In Italia per fortuna la situazione sembra sotto controllo. Quando si tratta di temi del genere sembriamo un’isola felice, sarà che sotto sotto, anche se non lo diciamo troppo in giro, un po’ cattolici siamo, per quanto di quelli un po’ progressisti. Ma come mi è capitato di far notare parlando di aborto le cose cambiano rapidamente nelle nuove generazioni, più esposte grazie ai social alle novità che provengono dal resto del mondo.
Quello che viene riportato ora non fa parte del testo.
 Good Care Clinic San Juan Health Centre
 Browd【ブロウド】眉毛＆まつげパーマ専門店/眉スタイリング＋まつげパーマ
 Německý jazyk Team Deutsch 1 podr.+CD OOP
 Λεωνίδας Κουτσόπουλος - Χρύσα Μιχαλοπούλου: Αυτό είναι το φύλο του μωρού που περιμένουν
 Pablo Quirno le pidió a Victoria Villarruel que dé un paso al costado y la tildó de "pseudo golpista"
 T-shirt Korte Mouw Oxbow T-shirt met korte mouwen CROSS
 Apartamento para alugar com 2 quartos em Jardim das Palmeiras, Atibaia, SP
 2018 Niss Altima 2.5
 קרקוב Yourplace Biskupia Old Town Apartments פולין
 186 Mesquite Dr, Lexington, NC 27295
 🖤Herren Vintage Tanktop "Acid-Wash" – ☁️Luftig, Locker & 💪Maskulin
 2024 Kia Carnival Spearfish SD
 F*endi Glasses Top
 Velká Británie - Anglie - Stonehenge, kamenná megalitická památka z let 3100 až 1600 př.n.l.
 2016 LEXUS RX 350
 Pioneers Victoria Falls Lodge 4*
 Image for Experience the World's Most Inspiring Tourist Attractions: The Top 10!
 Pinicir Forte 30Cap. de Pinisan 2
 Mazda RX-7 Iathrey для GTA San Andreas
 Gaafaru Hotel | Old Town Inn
Tra esse c’è anche la polarizzazione sul tema dell’identità sessuale: se oggi c’è un consenso generale che guarda con misericordia e supporto a chi si sente “nato nel corpo sbagliato” pur riconoscendo che quello è pur sempre il suo corpo stiamo andando verso una divisione tra chi pensa che l’essere maschio o femmina sia un qualcosa che ti senti ma anche che non ti senti, dato che puoi anche non esserlo, e che dichiararsi tale operi una transustanziazione del corpo che tutti devono riconoscere e rispettare, a costo di cambiare linguaggio e realtà, a cui tanti rispondono ritenendo chiunque abbia problemi con il proprio sesso natio un malato mentale da portare in neurodeliri di volata con la camicia di forza.

Speriamo di non dover mai vedere qui un dibattito così estremizzato, che alla fine fa male a tutte le parti in causa.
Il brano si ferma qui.